Information supplied:
-.-.-
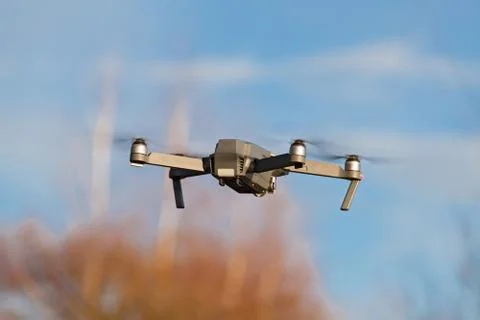A shot of a flying dron. Stock Photos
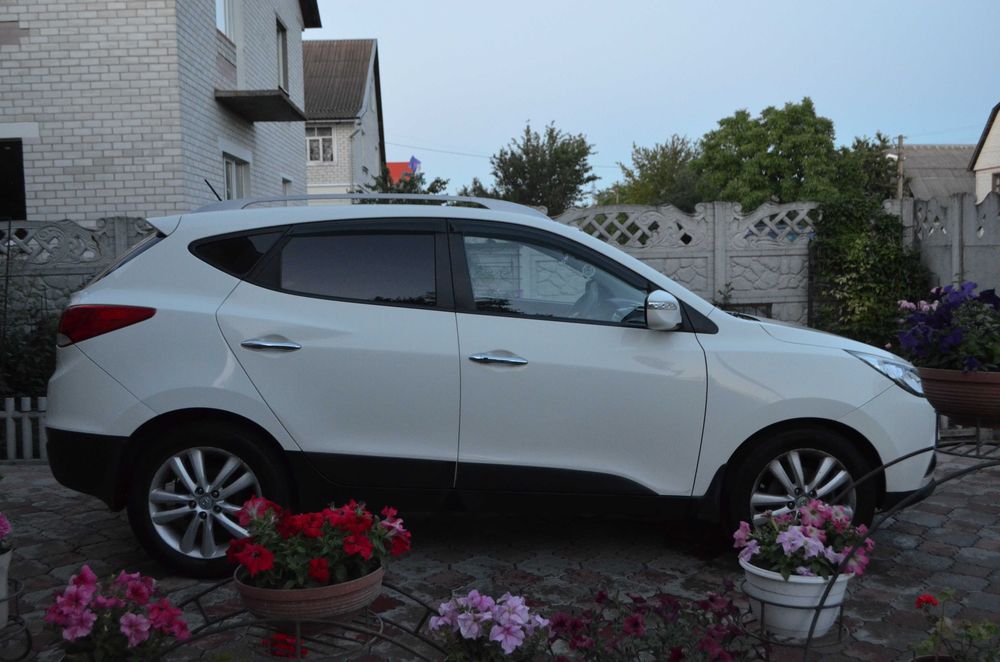 Hyundai ix35 2010 VIN KMHJU81CDBU167650 фото оголошення 8 з 24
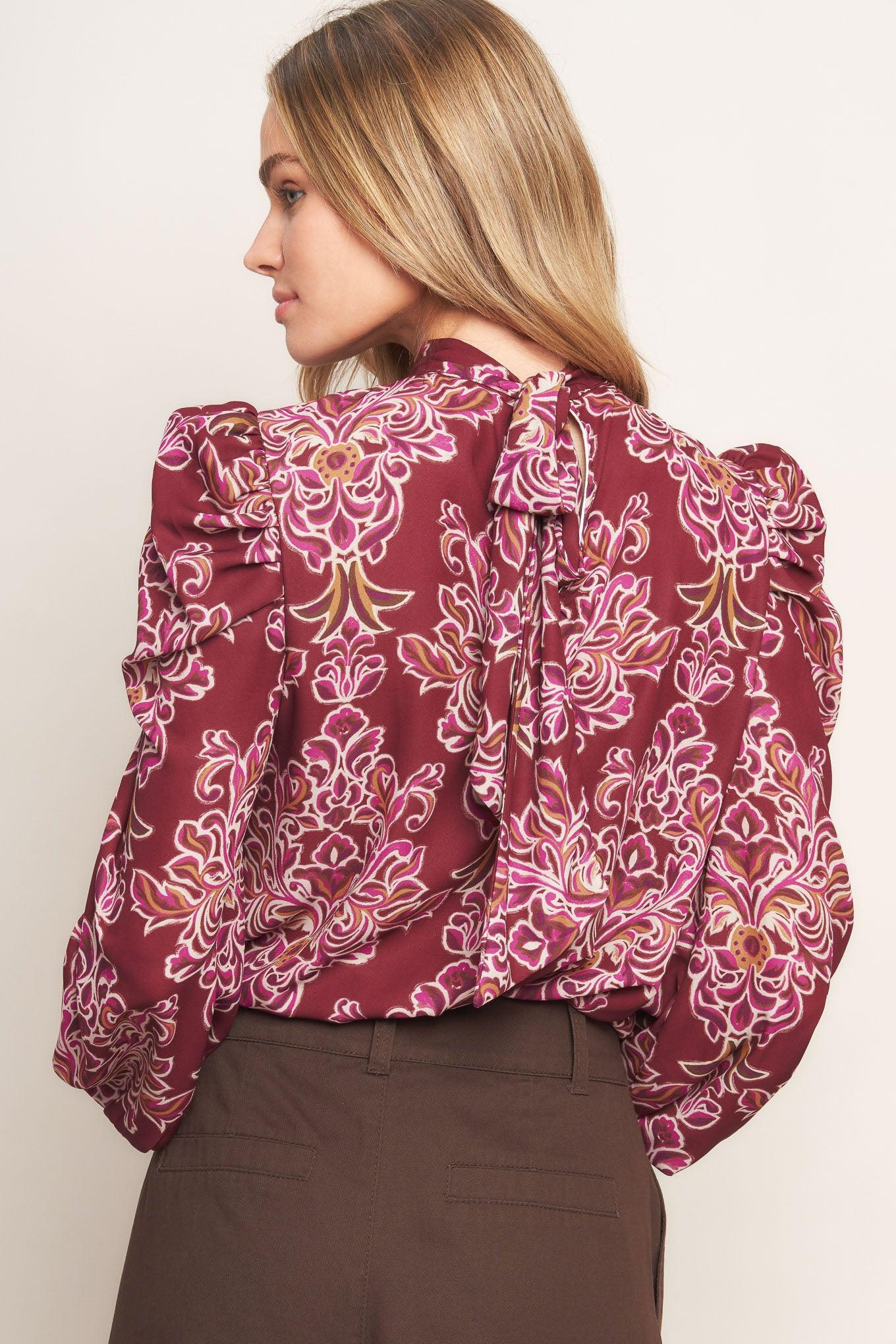 A printed woven top featuring high neckline, long puff sleeve and back neck tie closure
-.-.-
Brief: Could you reproduce the data above exactly, without its pictures?

Expected output:
A shot of a flying dron. Stock Photos
 Hyundai ix35 2010 VIN KMHJU81CDBU167650 фото оголошення 8 з 24
 A printed woven top featuring high neckline, long puff sleeve and back neck tie closure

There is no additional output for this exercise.